How to read a privacy policy – general guidance

Reading a privacy policy is essential for understanding how an organization collects, uses and protects your personal information.

Review this general guidance on how to read a privacy policy to help you make informed decisions before using services or tools that collect personal information.

If you are reviewing a tool for collecting/processing personal information of others at the University, please submit a request for privacy impact assessment (PIA). The University is subject to the Freedom of Information and Protection of Privacy Act (FIPPA) and this guidance is not meant to assess compliance with privacy regulations.

Topics on this page:

  1. Start with the introduction
  2. Understand the scope
  3. What information is collected?
  4. How is information being collected?
  5. Purposes of collection
  6. Use and disclosure
  7. Consent and permission
  8. Third-party sharing
  9. Security measures
  10. Cookies and tracking technologies
  11. Legal jurisdiction and compliance
  12. Your rights and choices
  13. Policy updates
  14. Look for contact information

Start with the introduction

Look for an introduction or overview section that summarizes the purpose of the privacy policy and how it applies to you as a user. Sometimes people make mistakes. You could be presented with the wrong policy. Double check!

Understand the scope

Identify the scope of the privacy policy. Determine the specific services, websites or applications it covers. Some policies are global and apply to all vendor offerings, and some policies are specific to an individual service or tool. Some protections in policies are only relevant to citizens of certain geographical regions; an example of this is General Data Protection Regulation (GDPR) protections that apply only to EU citizens.

Take note:

  • Is your use of the service included in the privacy policy?
  • Is this policy written to cover all vendor products/services or is specific to one product?
  • Are you relying on privacy protections that are only applicable to certain geographical regions?

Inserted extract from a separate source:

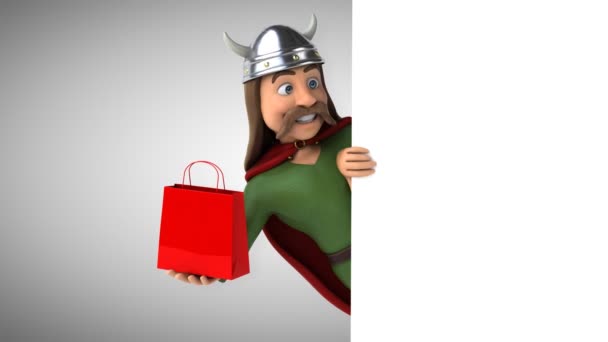 Lustige Zeichentrickfigur Gaul Mit Tasche Animation — Stockvideo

What information is collected?

Check what types of personal information the organization collects. Remember, if the policy covers a vendor’s entire portfolio of products rather than a specific product, it may include information collection practices that do not necessarily apply to your use of a particular product.

Take note:

  • Does the policy contain a statement about not collecting more than is needed to provide the service?
  • Are there collections listed that you feel aren’t relevant to your use of a product?

How is information being collected?

Vendors may collect data about you in various ways. This may include data you provide directly and information collected indirectly or automatically through use (i.e., analytics) or data obtained from third parties. The distinction between direct and indirect collection of personal information lies in how the information is obtained.

Direct collection: Information is gathered directly from the individual. The individual is usually aware of the collection since they are actively involved in the process and normally have consented to provide the information. Examples of direct collection include filling out a form online or in person, providing details over the phone or in a survey, or submitting personal information via email or an application.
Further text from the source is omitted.